Activity.
The pictures do not go in the copy. Reproduce the rest of the entries exactly.
*** Opening Material provided ***
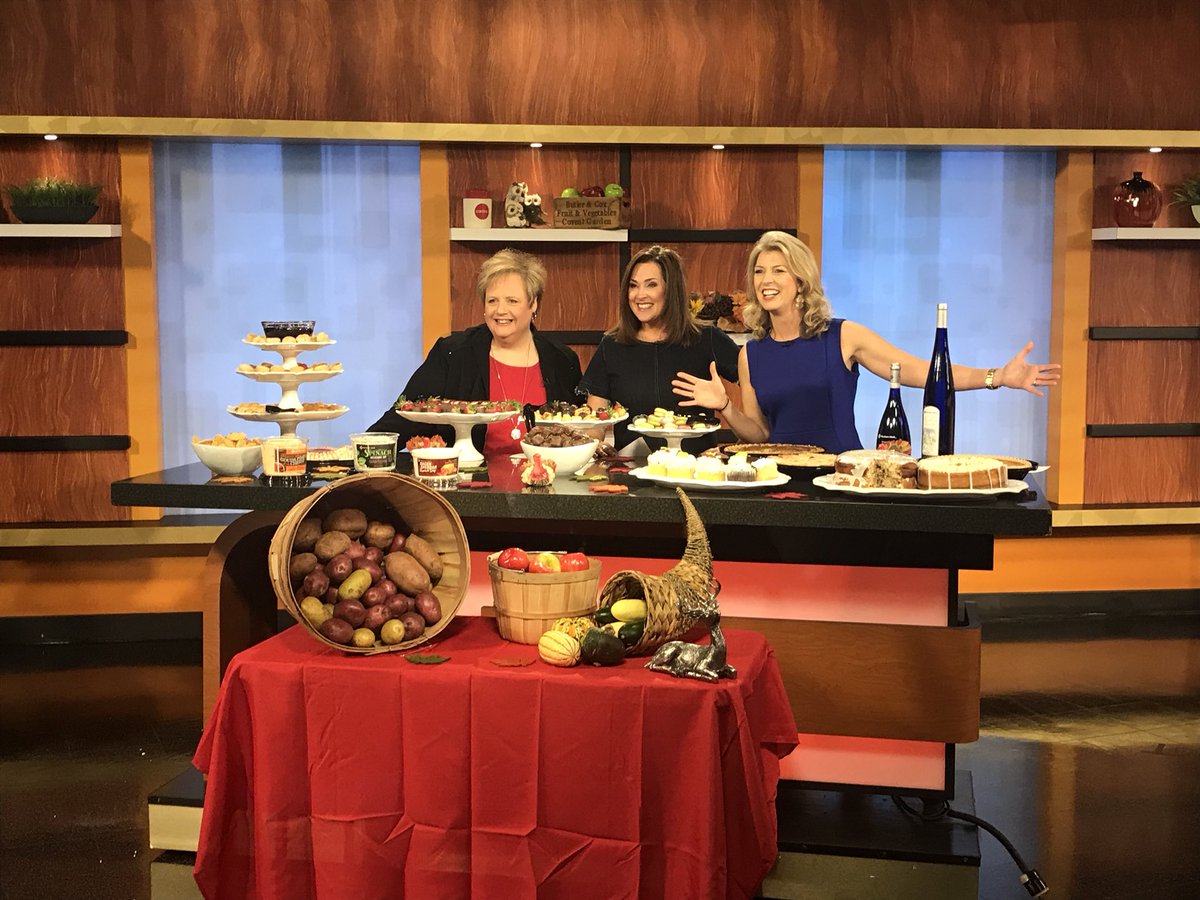 YellowCouchMKE's tweet photo. We are thankful for @SamsClub  I think the crew will be well fed! https://t.co/HSWFn4H9a8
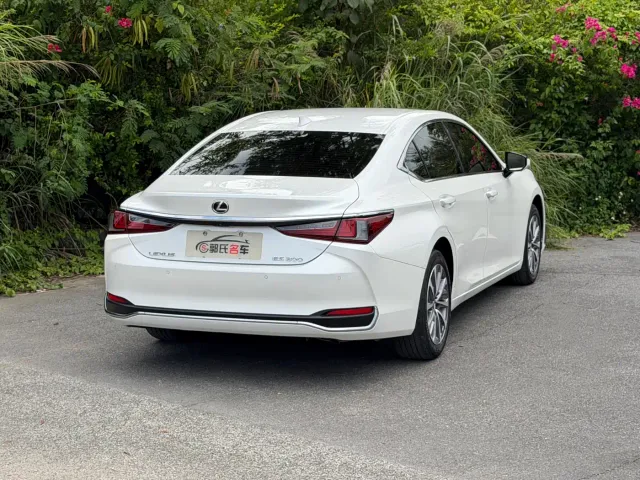 Lexus ES — Фото автомобиля 4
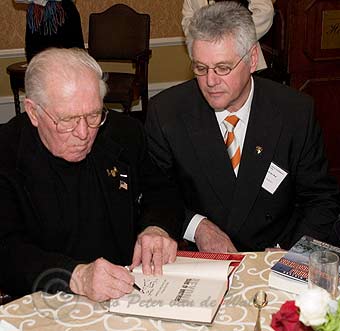 signing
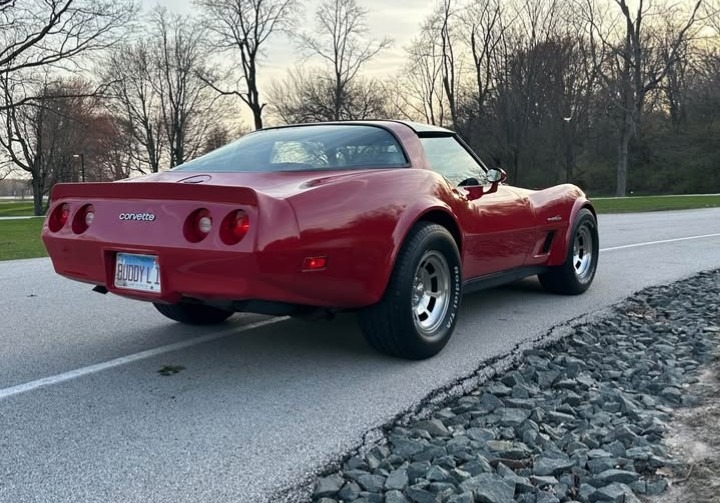 
								1982 Corvette Coupe full									
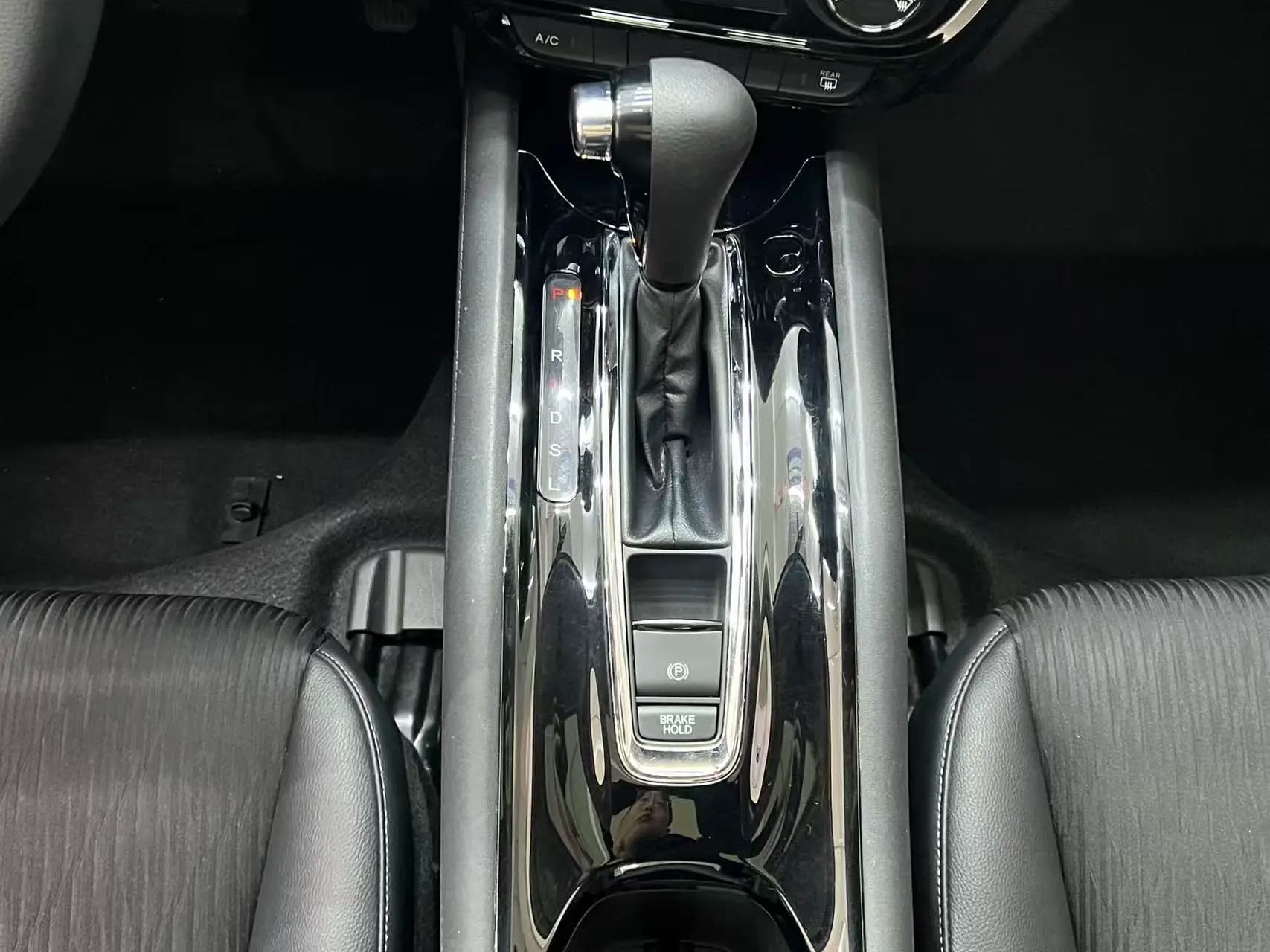 Honda Vezel 2022 г. 44084 км. — фото 18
*** Closing Material provided ***
Solution for this task.
 YellowCouchMKE's tweet photo. We are thankful for @SamsClub  I think the crew will be well fed! https://t.co/HSWFn4H9a8
 Lexus ES — Фото автомобиля 4
 signing
								1982 Corvette Coupe full									
 Honda Vezel 2022 г. 44084 км. — фото 18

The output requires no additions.